Sexualerziehung
Unverzichtbare Lektionen
Es ist nicht unbedingt die Absicht der Erwachsenen, dass junge Leute zu wenig über Sexualität wissen. Oft stehen soziokulturelle Tabus im Weg. Viele Eltern, Lehrer und Politiker fühlen sich unwohl mit dem Thema. Eine Umbenennung in „Familien-Lifestyle-Erziehung” oder „Familienplanungs-Information” hilft wenig.
Dennoch ist das für Sexualerziehung aufgewendete Geld gut investiert, denn es greift dreifach: Richtig informiert zu sein hilft den Jugendlichen heute, nutzt ihnen, wenn sie erwachsen sind, und kommt wahrscheinlich auch der Gesundheit ihrer Kinder zugute.
Jugendliche durchleben komplexe körperliche, biologische und emotionale Veränderungen. Die Pubertät wirkt sich auf Körper, Geist und Verhalten aus. Die Tabuisierung von Sexualität verhindert jedoch eine offene und hilfreiche Beratung. Meist übernehmen weder Eltern noch Lehrer die Verantwortung dafür, die Jugendlichen aufzuklären – religiöse Führer und andere Autoritätspersonen genauso wenig.
Daher sind Jugendliche oft schlecht informiert. Sie sind auf das angewiesen, was sie von Gleichaltrigen hören, und das, was die Medien ihnen bieten – im Zeitalter des Internets ist das oft reine Pornographie. Junge Menschen inmitten körperlicher und geistiger Veränderungen brauchen mehr als Gerüchte und Phantasien. Leider sind auch Fernsehsendungen oft schlecht und unangemessen und viele Webseiten fürchterlich. Oft werden den Jugendlichen verdrehte Rollenvorbilder und destruktive Narrative präsentiert, mit fatalen Folgen wie:
- unverantwortlichem Sexualverhalten inklusive Vergewaltigung und Missbrauch,
- früher Heirat,
- ungewollten Schwangerschaften,
- Abtreibungen (oft unsicher und illegal durchgeführt) und
- Infektionen wie HIV/Aids und anderen sexuell übertragbaren Krankheiten.
Eine gute Sexualerziehung sollte Jugendliche über Gesundheitsrisiken, Verhütung und emotionale Aspekte von Intimität aufklären. Mädchen müssen noch besser informiert werden als Jungen: Sie sind es, die schwanger werden können und für ihre sexuelle Aktivität stigmatisiert werden. Sie haben auch ein höheres Risiko, Gewalterfahrungen zu machen oder sich mit Geschlechtskrankheiten anzustecken.

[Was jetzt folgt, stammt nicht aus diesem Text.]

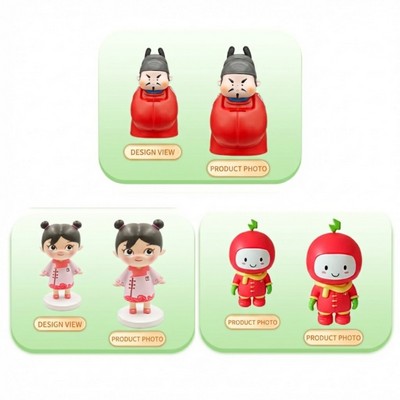 Resin 3D Miniature Character Figurine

Laut UNICEF werden rund 15 Millionen der 15- bis 19-jährigen Mädchen zu Sex gezwungen. Vielen wird nie gesagt, was einvernehmlicher Geschlechtsverkehr bedeutet. Dieses Wissen würde aber ihr Selbstbewusstsein stärken. Solange den Mädchen nicht klar ist, dass sexuelle Übergriffe gegen ihren Willen inakzeptabel sind und nicht ihre Schuld, empfinden sie Scham.
Indien ist technologisch sehr fortschrittlich – hinsichtlich der Schulen nicht. Versuche, im passenden Alter Sexualerziehung anzubieten, wurden abgetan, weil das Kultur und Werte des Landes verletzen würde. Wie überall argumentieren konservative Führer, Sexualerziehung bringe Jugendliche überhaupt erst auf den Gedanken, sexuell aktiv zu werden.

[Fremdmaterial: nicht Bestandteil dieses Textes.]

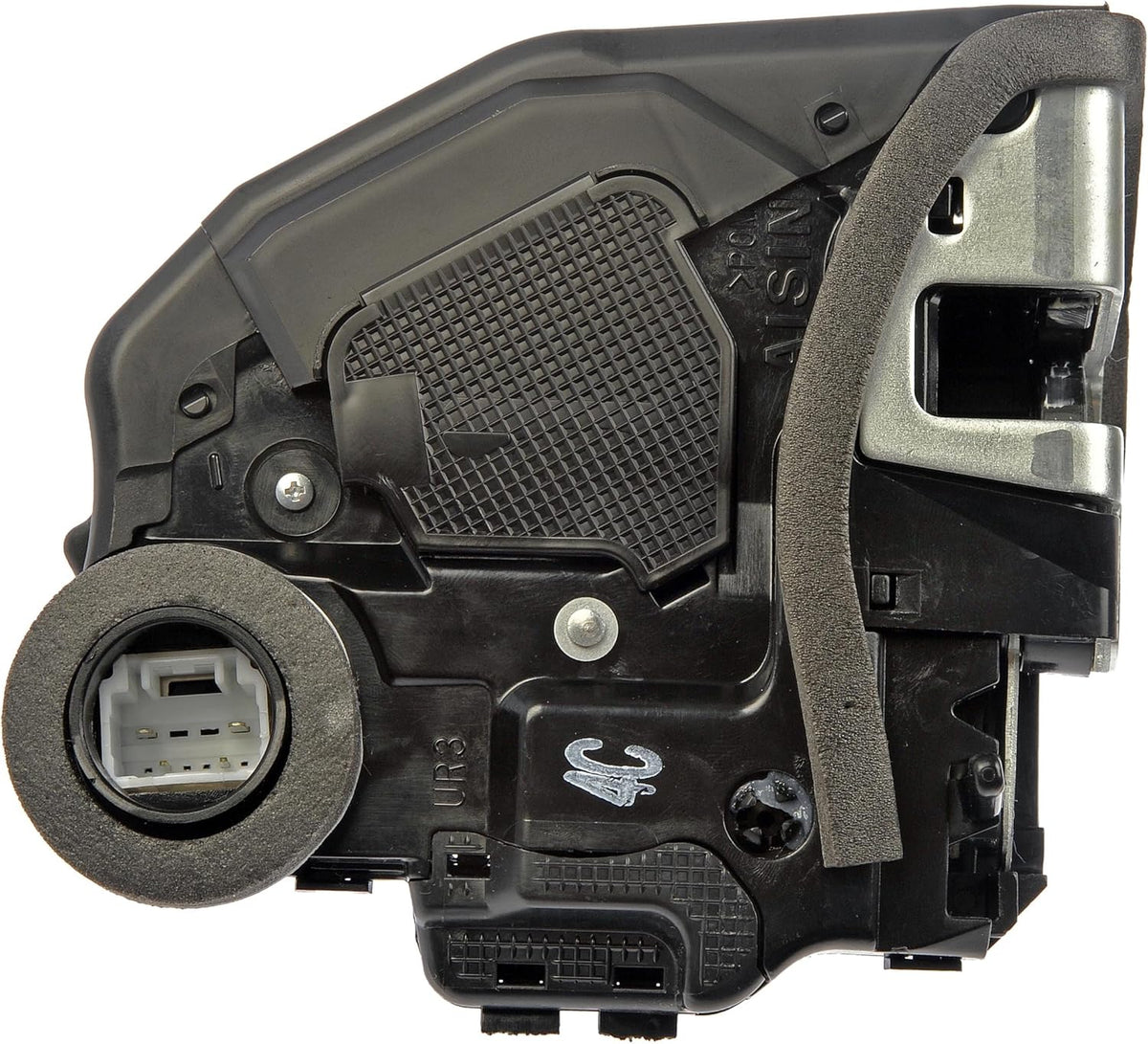 Rear Passenger Side Door Lock Actuator Motor, Black D1381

Ironischerweise werden in vielen Ländern junge Menschen früher sexuell aktiv als ihre Eltern – wobei viele gar nicht begreifen, was sie eigentlich tun und welche Folgen das haben kann. Es gibt zu denken, dass laut UNICEF die Hälfte der HIV-infizierten 15- bis 19-Jährigen aus sechs Ländern kommen: Südafrika, Nigeria, Kenia, Indien, Mosambik und Tansania.
Natürlich ist Sexualkunde auch in reichen Ländern ein kontroverses Thema. In den USA, wo religiöse Konservative sich jahrzehntelang gegen Sexualaufklärung aufgelehnt haben, gibt es sehr viele Teenager-Schwangerschaften. Der New York Times zufolge ist die Rate um 41 Prozent gesunken, nachdem Präsident Barack Obama ein umfassendes Programm zur Sexualaufklärung eingeführt hatte. Da Präsident Donald Trump das nicht fortsetzt, werden die Zahlen vermutlich wieder steigen.
Gesundheit für alle ist eines der Nachhaltigkeits-Entwicklungsziele (Sustainable Development Goals – SDGs), die die UN bis 2030 erreichen wollen. Ohne kompetente Sexualaufklärung wird das nichts.
Aditi Roy Ghatak ist Wirtschaftsjournalistin in Kalkutta.